** What to produce **
An exact restatement of the entire listing is needed, excluding all images.

** Information shown **
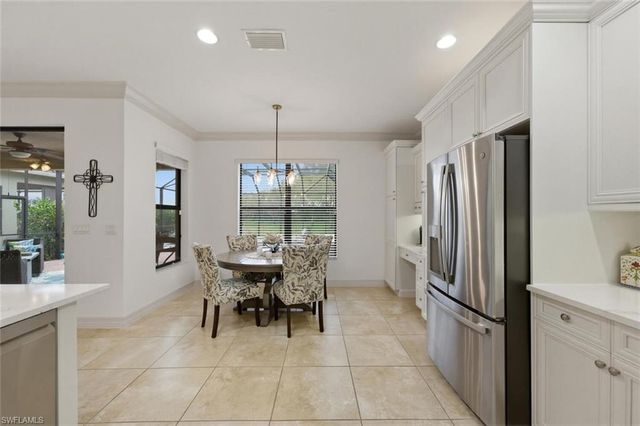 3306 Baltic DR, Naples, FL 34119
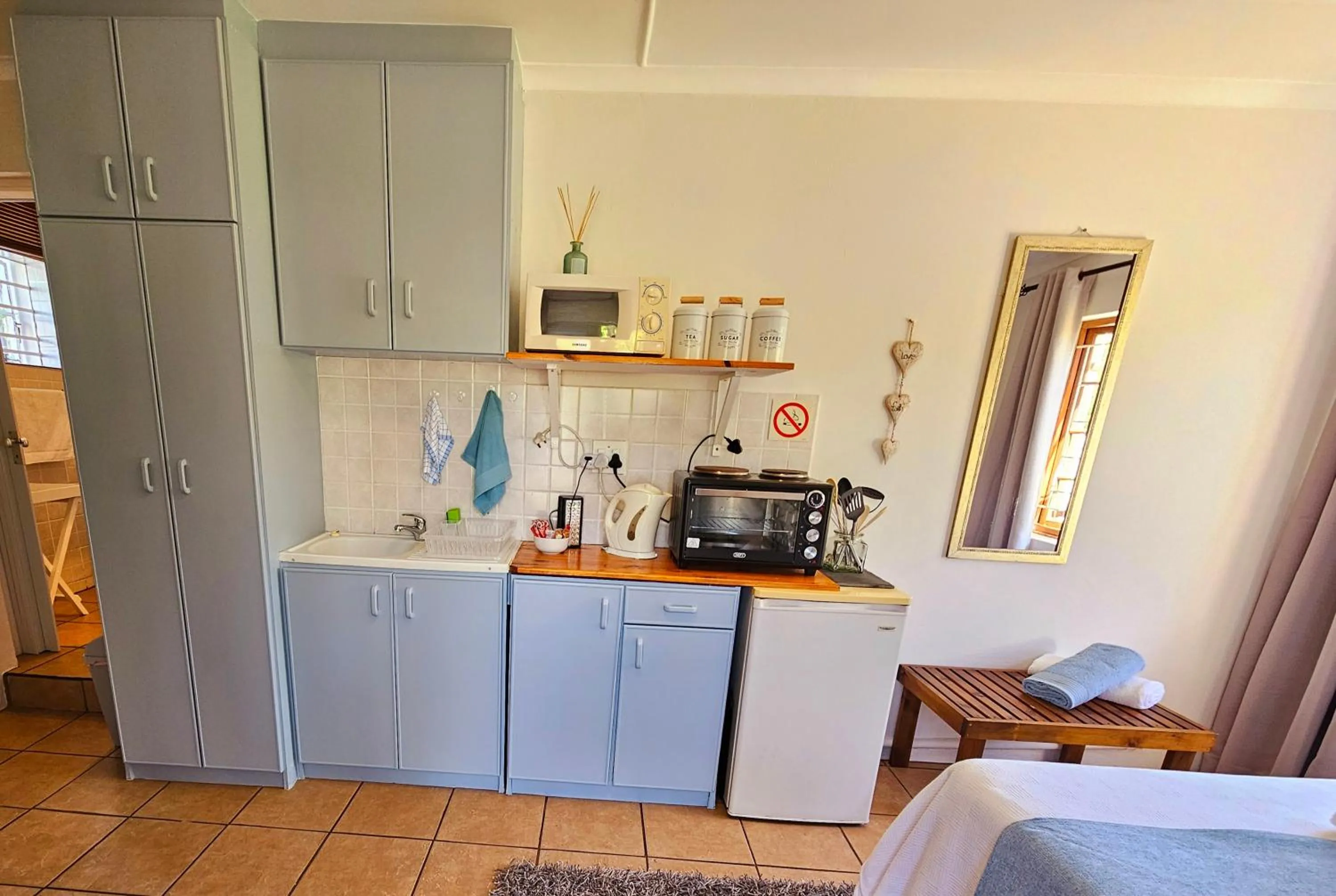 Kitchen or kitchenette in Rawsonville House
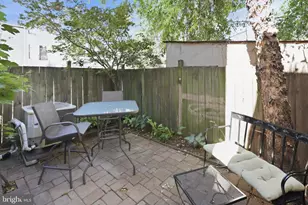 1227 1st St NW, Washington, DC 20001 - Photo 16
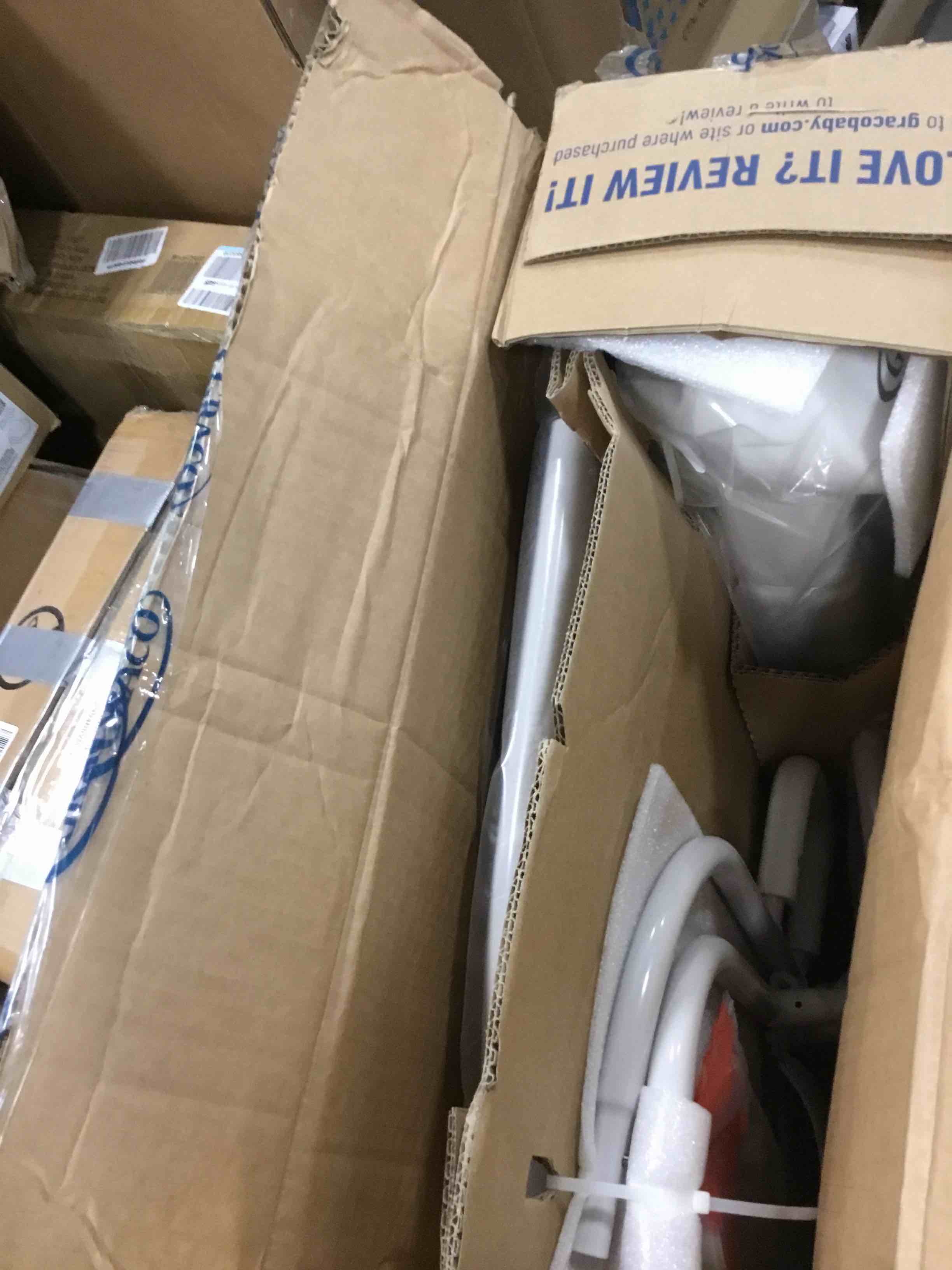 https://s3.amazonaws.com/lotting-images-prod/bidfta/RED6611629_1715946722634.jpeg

** Answer for this exercise **
 3306 Baltic DR, Naples, FL 34119
 Kitchen or kitchenette in Rawsonville House
 1227 1st St NW, Washington, DC 20001 - Photo 16
 https://s3.amazonaws.com/lotting-images-prod/bidfta/RED6611629_1715946722634.jpeg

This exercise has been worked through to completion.